Norwegian University of Science and Technology, Department of Cancer Research and Molecular Medicine, N-7489 Trondheim, Norway.
Immunity. 2010 Oct 29;33(4):583-96. doi: 10.1016/j.immuni.2010.09.010. Epub 2010 Oct 7.

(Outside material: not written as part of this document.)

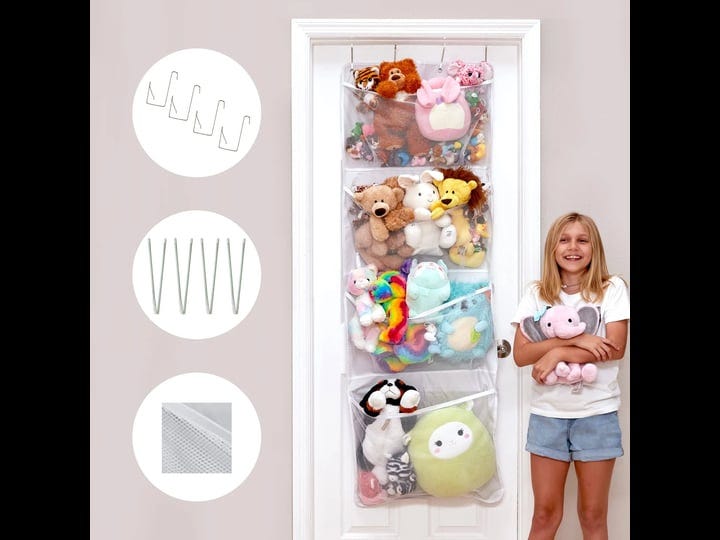 over-door-stuffed-animal-toy-storage-white-1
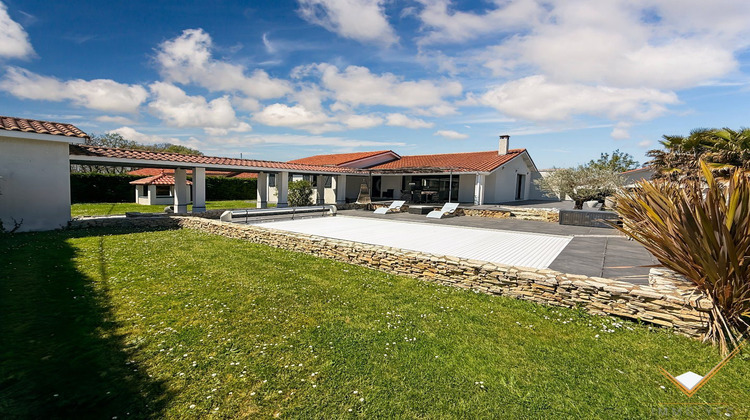Ma-Cabane - Vente Maison Saint-Lys, 160 m²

Toll-like receptor 4 (TLR4) is indispensable for recognition of Gram-negative bacteria. We described a trafficking pathway for TLR4 from the endocytic recycling compartment (ERC) to E. coli phagosomes. We found a prominent colocalization between TLR4 and the small GTPase Rab11a in the ERC, and Rab11a was involved in the recruitment of TLR4 to phagosomes in a process requiring TLR4 signaling. Also, Toll-receptor-associated molecule (TRAM) and interferon regulatory factor-3 (IRF3) localized to E. coli phagosomes and internalization of E. coli was required for a robust interferon-β induction. Suppression of Rab11a reduced TLR4 in the ERC and on phagosomes leading to inhibition of the IRF3 signaling pathway induced by E. coli, whereas activation of the transcription factor NF-κB was unaffected. Moreover, Rab11a silencing reduced the amount of TRAM on phagosomes. Thus, Rab11a is an important regulator of TLR4 and TRAM transport to E. coli phagosomes thereby controlling IRF3 activation from this compartment.
Toll 样受体 4(TLR4)对于识别革兰氏阴性细菌是不可或缺的。我们描述了 TLR4 从内体再循环区(ERC)到大肠杆菌吞噬体的运输途径。我们发现 TLR4 在 ERC 中与小 GTP 酶 Rab11a 之间有明显的共定位,Rab11a 参与了 TLR4 在需要 TLR4 信号的过程中向吞噬体的募集。此外,Toll 受体相关分子(TRAM)和干扰素调节因子-3(IRF3)定位于大肠杆菌吞噬体,并且大肠杆菌的内化对于干扰素-β的强烈诱导是必需的。Rab11a 的抑制减少了 ERC 中的 TLR4 和吞噬体上的 TLR4,从而抑制了由大肠杆菌诱导的 IRF3 信号通路,而转录因子 NF-κB 的激活不受影响。此外,Rab11a 沉默减少了吞噬体上的 TRAM 数量。因此,Rab11a 是 TLR4 和 TRAM 向大肠杆菌吞噬体运输的重要调节剂,从而控制该区域的 IRF3 激活。